- _Exercise prompt_
In the data below, reproduce everything exactly except the images.

- _Information shown_
☆ ☆ ☆

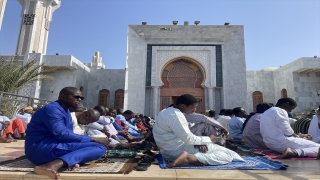 Senegal’de bayram namazı kılındı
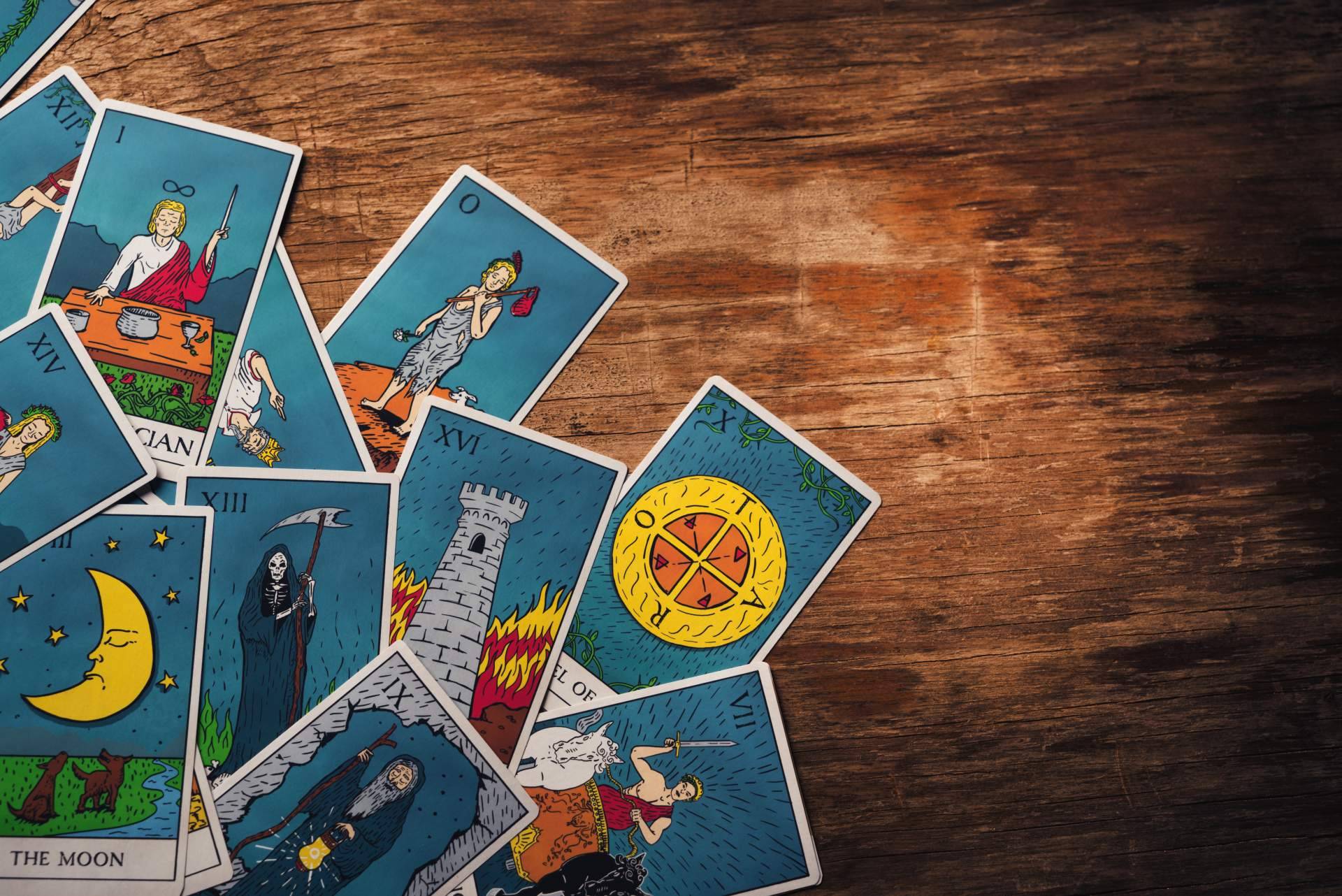 Consultas de tarot con Visa de la mano de Ruth Montenegro y su gabinete de videntes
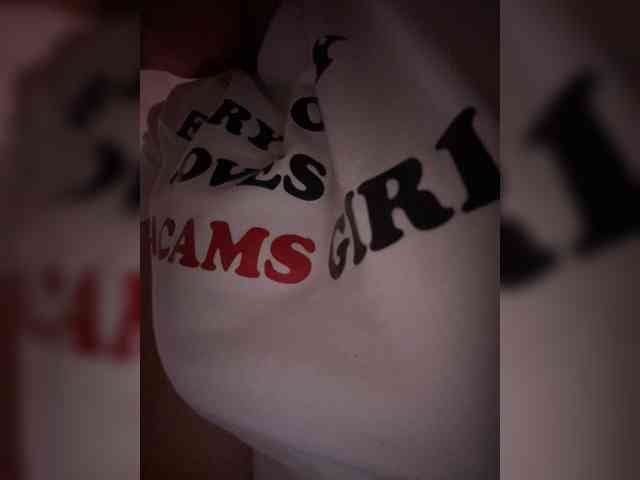 KRISTINCHERRY webcam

☆ ☆ ☆

- _Solution for this task_
 Senegal’de bayram namazı kılındı
 Consultas de tarot con Visa de la mano de Ruth Montenegro y su gabinete de videntes
 KRISTINCHERRY webcam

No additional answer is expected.